→ **Your objective**: Pictures are not part of the answer. Return the lines from the one containing "Certified 2025 Toyota Corolla SE" through the end of the data, both included, exactly as they appear.

→ **Supplied entries**:

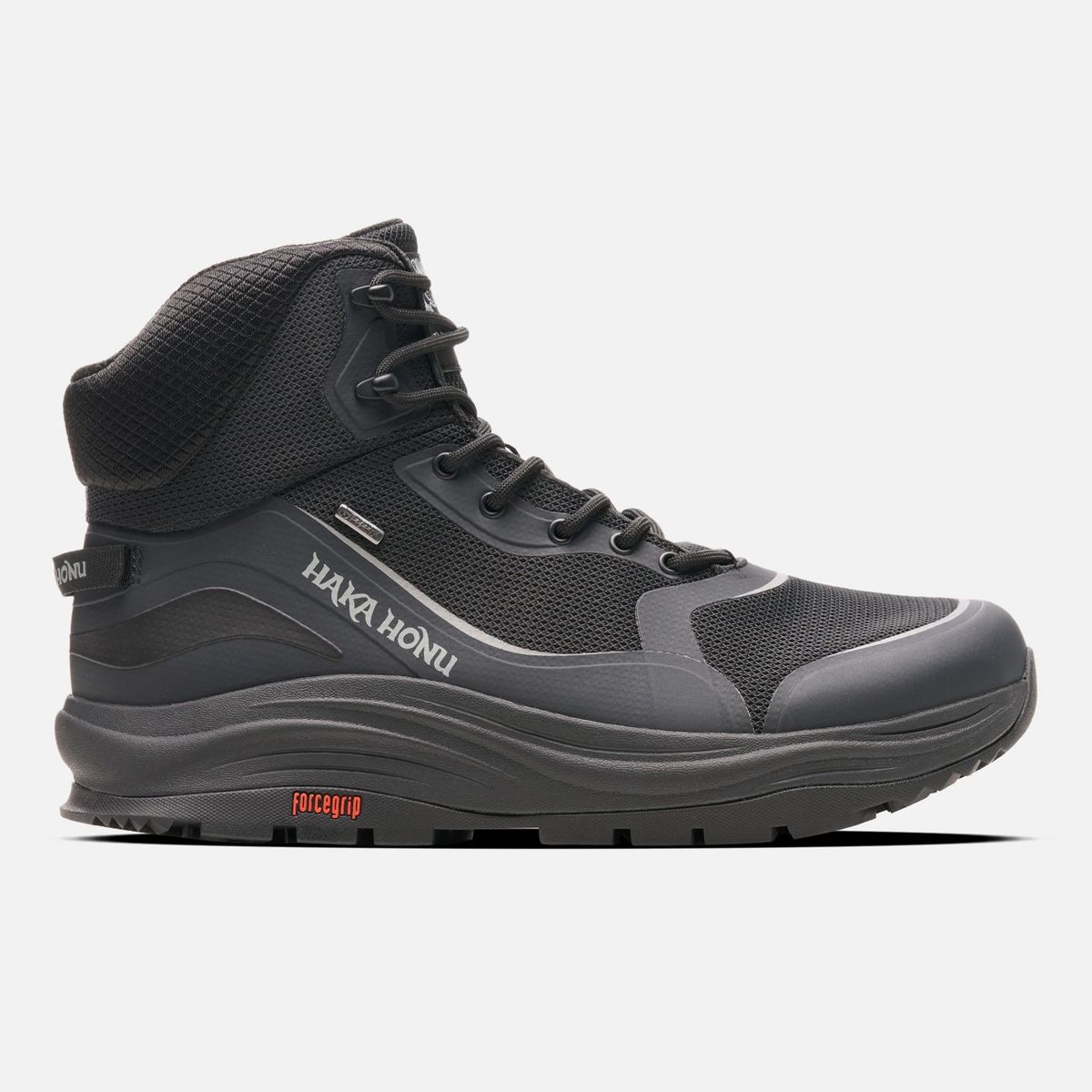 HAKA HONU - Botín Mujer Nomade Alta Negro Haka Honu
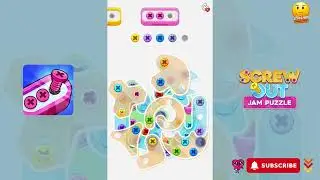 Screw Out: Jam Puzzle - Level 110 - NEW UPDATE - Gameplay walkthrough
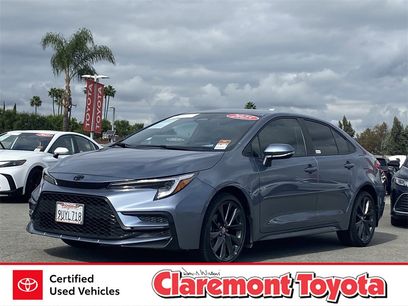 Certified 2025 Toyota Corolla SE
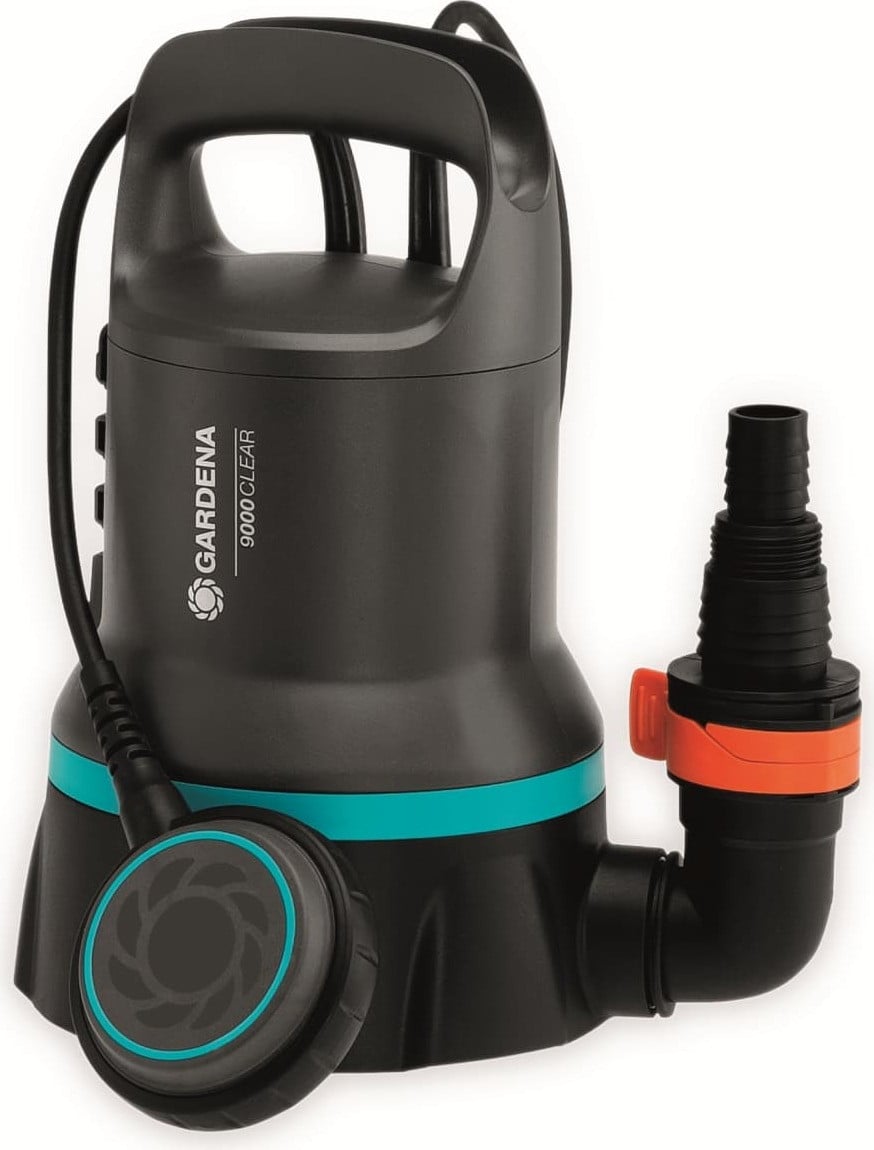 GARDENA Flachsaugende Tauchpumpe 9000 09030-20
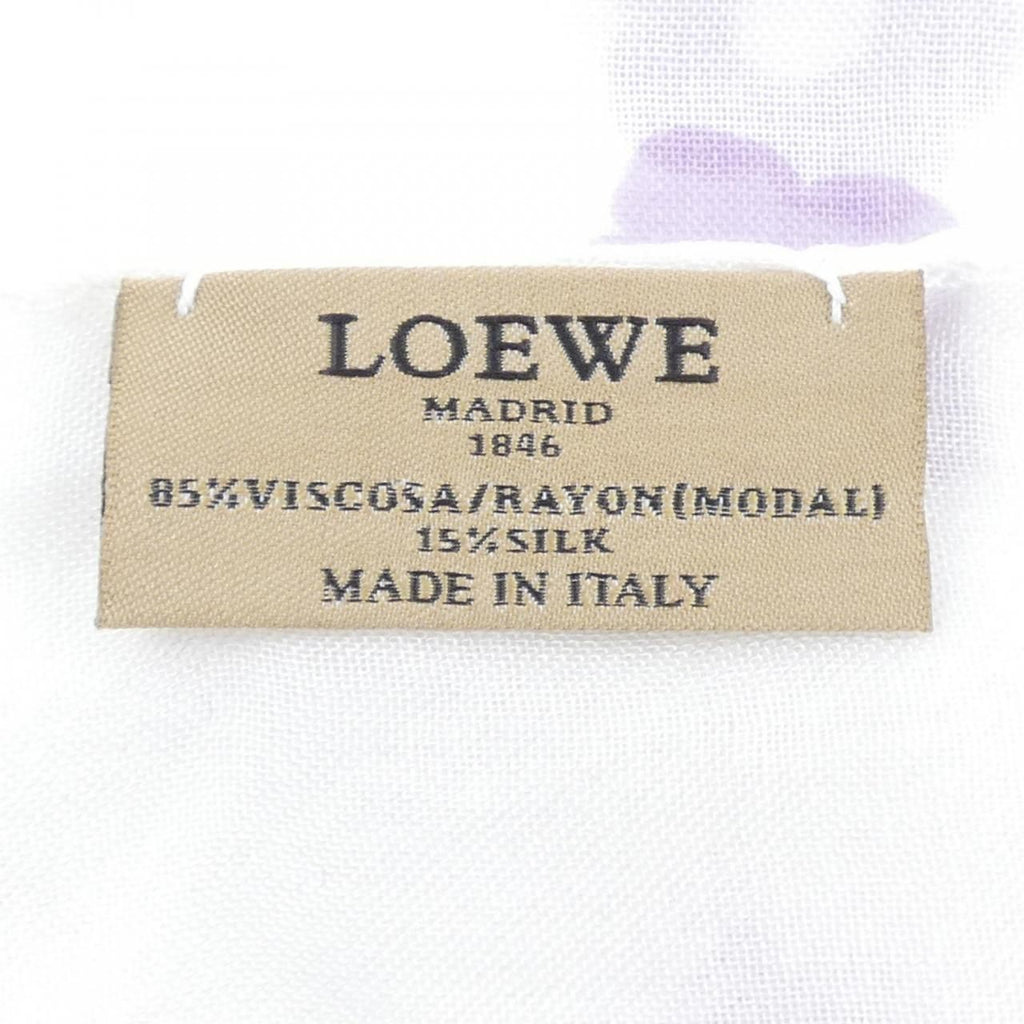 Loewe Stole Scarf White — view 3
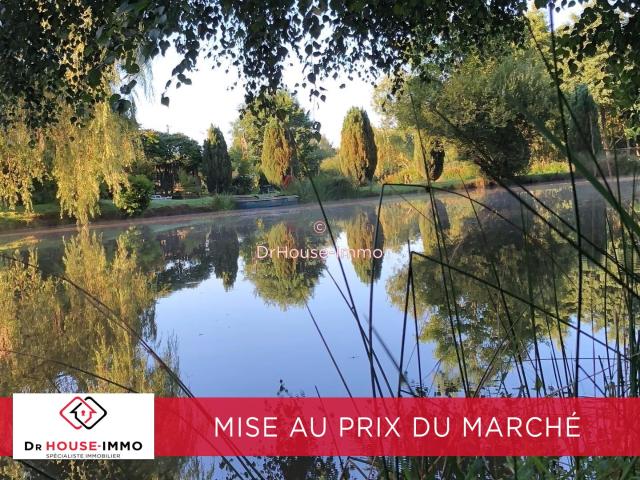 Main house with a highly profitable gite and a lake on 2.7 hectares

→ **Answer section**:
 Certified 2025 Toyota Corolla SE
 GARDENA Flachsaugende Tauchpumpe 9000 09030-20
 Loewe Stole Scarf White — view 3
 Main house with a highly profitable gite and a lake on 2.7 hectares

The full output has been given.